## TASK DESCRIPTION
Within the listing below, please copy exactly the lines between the line holding "Uprząż jak sukienka" and the line holding "Niklas Landin fyldte", inclusive.

## RECORDS SHOWN
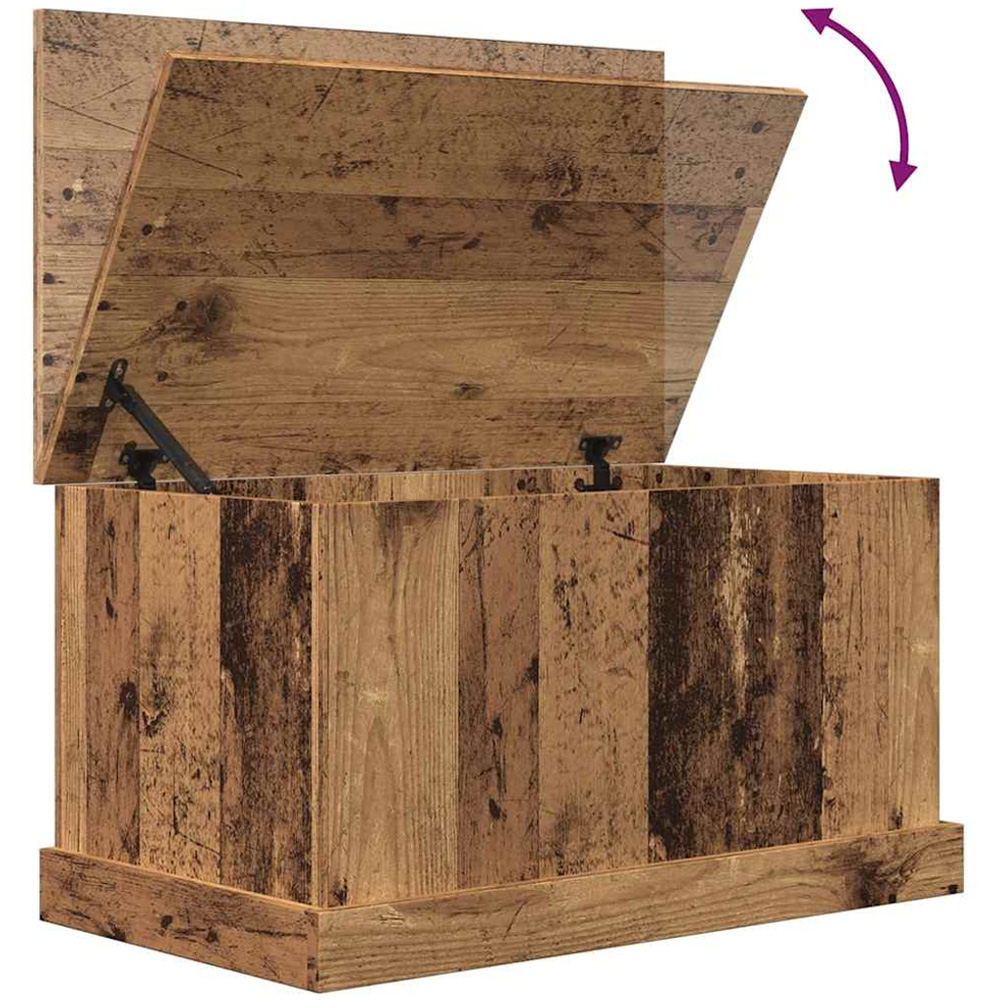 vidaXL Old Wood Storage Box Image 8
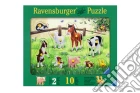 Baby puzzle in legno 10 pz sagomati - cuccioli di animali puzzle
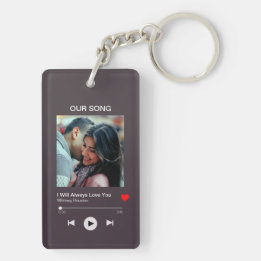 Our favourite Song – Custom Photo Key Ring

==

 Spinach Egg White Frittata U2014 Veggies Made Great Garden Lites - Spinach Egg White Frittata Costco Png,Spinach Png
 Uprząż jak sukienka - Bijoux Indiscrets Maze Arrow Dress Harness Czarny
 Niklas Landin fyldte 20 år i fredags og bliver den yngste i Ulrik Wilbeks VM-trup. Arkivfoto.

## EXERCISE OUTPUT
 Uprząż jak sukienka - Bijoux Indiscrets Maze Arrow Dress Harness Czarny
 Niklas Landin fyldte 20 år i fredags og bliver den yngste i Ulrik Wilbeks VM-trup. Arkivfoto.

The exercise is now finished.